DATASET SECTION:
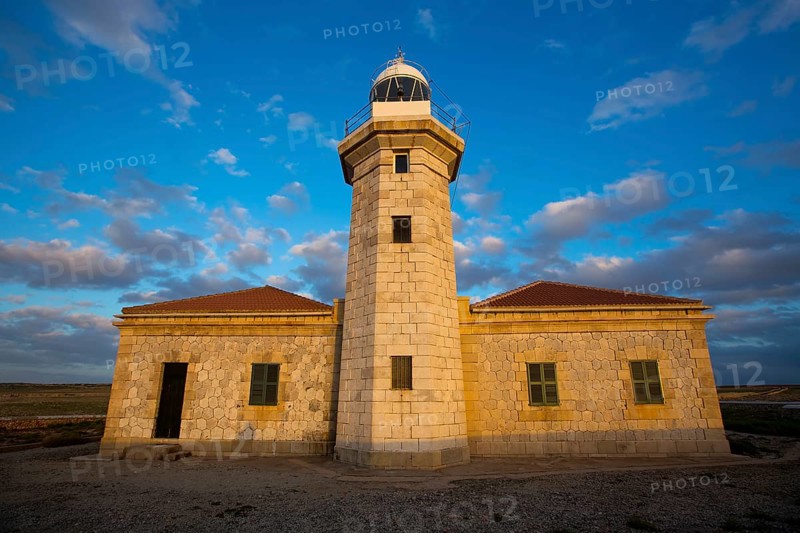 Menorca Punta Nati Faro lighthouse in Ciutadella Balearic Islands of Spain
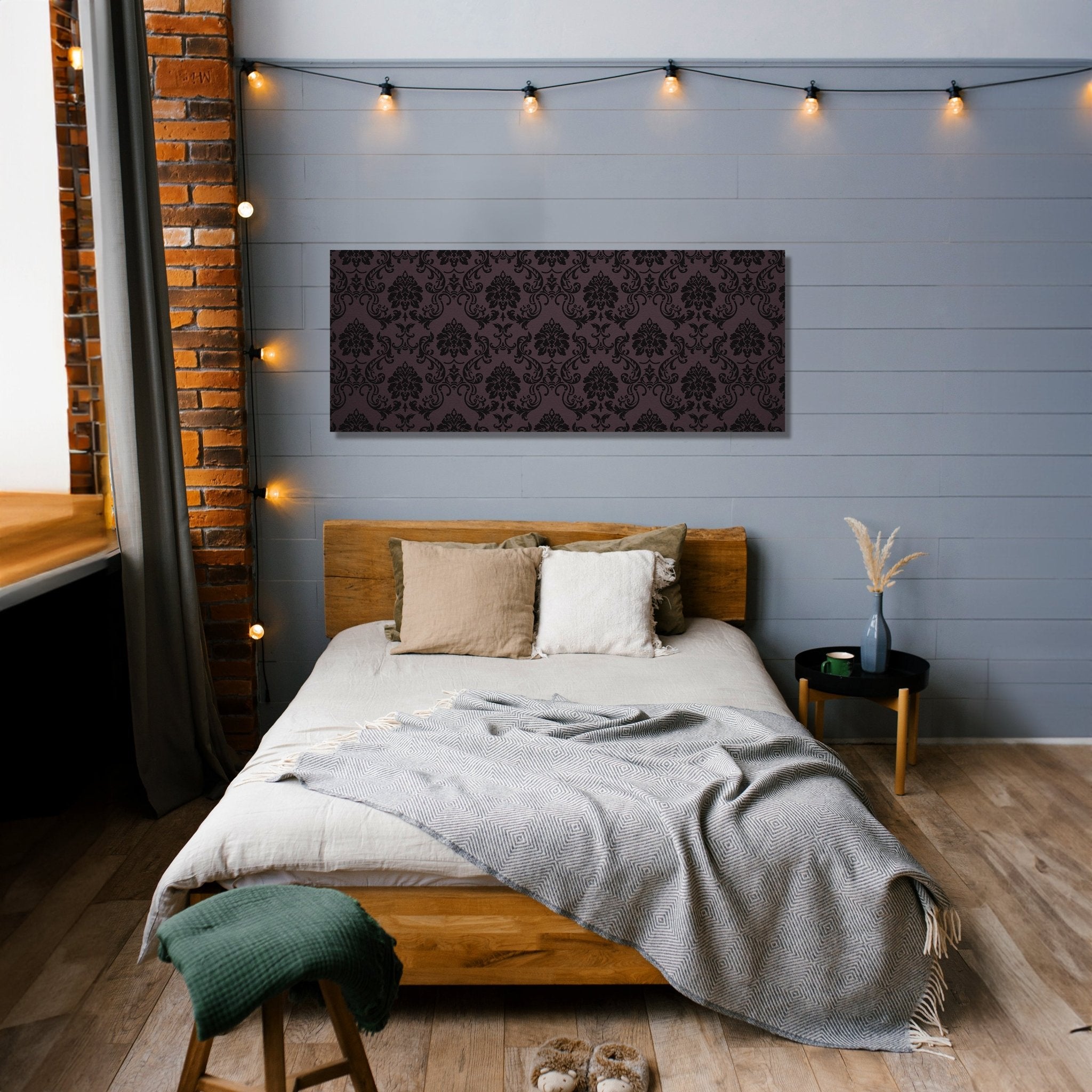 Leinwandbild Barockmuster Schwarz M0464 kaufen - Bild 2 Leinwandbild Barockmuster Schwarz M0464 kaufen - Bild 2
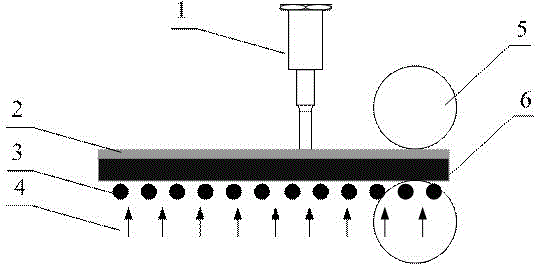 Double-physical-field-assisted single-face laminated metal composite plate manufacturing method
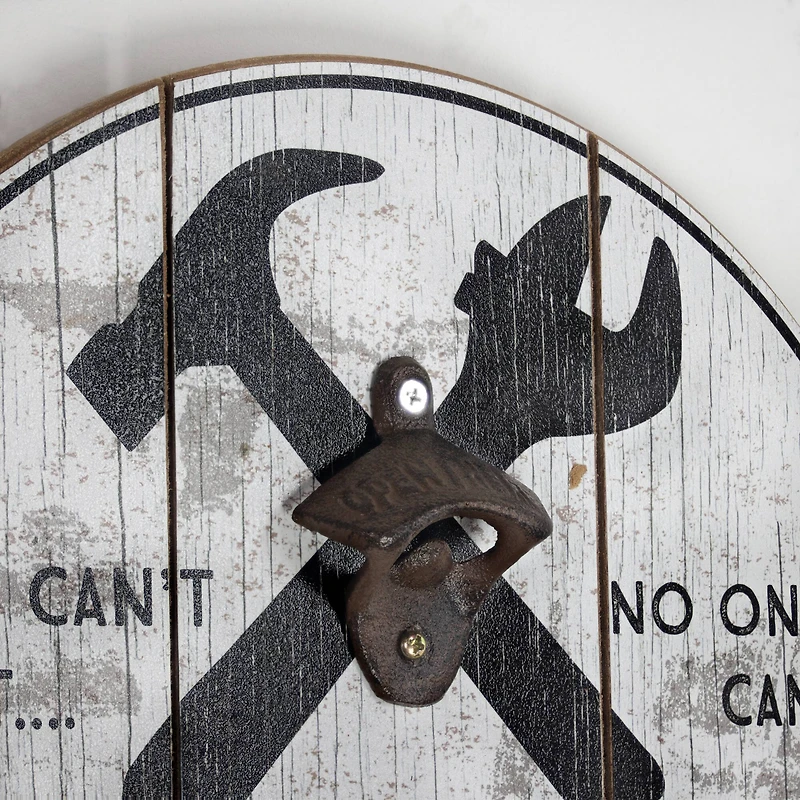 14" Dad's Garage Wall Mounted Bottle Opener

AIM OF THE EXERCISE:
Copy all of the data above exactly. Leave out every picture.

REPLY TO THE EXERCISE:
 Menorca Punta Nati Faro lighthouse in Ciutadella Balearic Islands of Spain
 Leinwandbild Barockmuster Schwarz M0464 kaufen - Bild 2 Leinwandbild Barockmuster Schwarz M0464 kaufen - Bild 2
 Double-physical-field-assisted single-face laminated metal composite plate manufacturing method
 14" Dad's Garage Wall Mounted Bottle Opener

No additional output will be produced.